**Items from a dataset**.
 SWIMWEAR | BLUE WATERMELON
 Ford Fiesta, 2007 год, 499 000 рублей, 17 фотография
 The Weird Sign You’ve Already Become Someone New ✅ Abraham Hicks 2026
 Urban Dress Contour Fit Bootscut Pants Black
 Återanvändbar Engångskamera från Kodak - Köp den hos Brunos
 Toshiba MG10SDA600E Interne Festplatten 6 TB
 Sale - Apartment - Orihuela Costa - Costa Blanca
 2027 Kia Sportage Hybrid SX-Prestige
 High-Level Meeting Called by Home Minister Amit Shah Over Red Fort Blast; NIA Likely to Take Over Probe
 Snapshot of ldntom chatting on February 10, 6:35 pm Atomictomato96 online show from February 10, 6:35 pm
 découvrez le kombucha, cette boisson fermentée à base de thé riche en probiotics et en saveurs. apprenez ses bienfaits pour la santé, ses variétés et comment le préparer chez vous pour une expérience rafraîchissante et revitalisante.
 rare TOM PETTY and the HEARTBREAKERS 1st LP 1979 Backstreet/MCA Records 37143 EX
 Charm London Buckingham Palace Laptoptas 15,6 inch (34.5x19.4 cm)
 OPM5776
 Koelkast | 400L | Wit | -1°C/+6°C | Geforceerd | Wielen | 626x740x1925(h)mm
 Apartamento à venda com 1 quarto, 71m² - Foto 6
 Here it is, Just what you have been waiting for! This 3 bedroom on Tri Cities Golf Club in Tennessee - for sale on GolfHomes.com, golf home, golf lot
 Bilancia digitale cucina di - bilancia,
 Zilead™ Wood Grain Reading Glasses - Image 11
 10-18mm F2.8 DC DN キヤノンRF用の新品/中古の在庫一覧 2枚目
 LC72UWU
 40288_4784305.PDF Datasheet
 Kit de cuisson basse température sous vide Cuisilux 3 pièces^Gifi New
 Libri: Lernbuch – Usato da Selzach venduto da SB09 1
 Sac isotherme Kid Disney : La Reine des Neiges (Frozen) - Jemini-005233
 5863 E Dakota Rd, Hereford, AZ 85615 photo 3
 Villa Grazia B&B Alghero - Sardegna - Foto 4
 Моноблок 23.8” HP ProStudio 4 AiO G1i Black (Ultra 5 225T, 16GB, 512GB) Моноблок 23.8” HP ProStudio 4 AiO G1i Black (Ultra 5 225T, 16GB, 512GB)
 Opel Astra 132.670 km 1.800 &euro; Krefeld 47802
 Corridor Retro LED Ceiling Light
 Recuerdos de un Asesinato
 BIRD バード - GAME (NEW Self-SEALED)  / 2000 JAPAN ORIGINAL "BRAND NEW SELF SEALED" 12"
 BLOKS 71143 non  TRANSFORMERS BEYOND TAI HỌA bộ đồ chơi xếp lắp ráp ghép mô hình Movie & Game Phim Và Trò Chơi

**Exercise objective**.
Set out the entries once more, word for word.

**Answer area**.
 SWIMWEAR | BLUE WATERMELON
 Ford Fiesta, 2007 год, 499 000 рублей, 17 фотография
 The Weird Sign You’ve Already Become Someone New ✅ Abraham Hicks 2026
 Urban Dress Contour Fit Bootscut Pants Black
 Återanvändbar Engångskamera från Kodak - Köp den hos Brunos
 Toshiba MG10SDA600E Interne Festplatten 6 TB
 Sale - Apartment - Orihuela Costa - Costa Blanca
 2027 Kia Sportage Hybrid SX-Prestige
 High-Level Meeting Called by Home Minister Amit Shah Over Red Fort Blast; NIA Likely to Take Over Probe
 Snapshot of ldntom chatting on February 10, 6:35 pm Atomictomato96 online show from February 10, 6:35 pm
 découvrez le kombucha, cette boisson fermentée à base de thé riche en probiotics et en saveurs. apprenez ses bienfaits pour la santé, ses variétés et comment le préparer chez vous pour une expérience rafraîchissante et revitalisante.
 rare TOM PETTY and the HEARTBREAKERS 1st LP 1979 Backstreet/MCA Records 37143 EX
 Charm London Buckingham Palace Laptoptas 15,6 inch (34.5x19.4 cm)
 OPM5776
 Koelkast | 400L | Wit | -1°C/+6°C | Geforceerd | Wielen | 626x740x1925(h)mm
 Apartamento à venda com 1 quarto, 71m² - Foto 6
 Here it is, Just what you have been waiting for! This 3 bedroom on Tri Cities Golf Club in Tennessee - for sale on GolfHomes.com, golf home, golf lot
 Bilancia digitale cucina di - bilancia,
 Zilead™ Wood Grain Reading Glasses - Image 11
 10-18mm F2.8 DC DN キヤノンRF用の新品/中古の在庫一覧 2枚目
 LC72UWU
 40288_4784305.PDF Datasheet
 Kit de cuisson basse température sous vide Cuisilux 3 pièces^Gifi New
 Libri: Lernbuch – Usato da Selzach venduto da SB09 1
 Sac isotherme Kid Disney : La Reine des Neiges (Frozen) - Jemini-005233
 5863 E Dakota Rd, Hereford, AZ 85615 photo 3
 Villa Grazia B&B Alghero - Sardegna - Foto 4
 Моноблок 23.8” HP ProStudio 4 AiO G1i Black (Ultra 5 225T, 16GB, 512GB) Моноблок 23.8” HP ProStudio 4 AiO G1i Black (Ultra 5 225T, 16GB, 512GB)
 Opel Astra 132.670 km 1.800 &euro; Krefeld 47802
 Corridor Retro LED Ceiling Light
 Recuerdos de un Asesinato
 BIRD バード - GAME (NEW Self-SEALED)  / 2000 JAPAN ORIGINAL "BRAND NEW SELF SEALED" 12"
 BLOKS 71143 non  TRANSFORMERS BEYOND TAI HỌA bộ đồ chơi xếp lắp ráp ghép mô hình Movie & Game Phim Và Trò Chơi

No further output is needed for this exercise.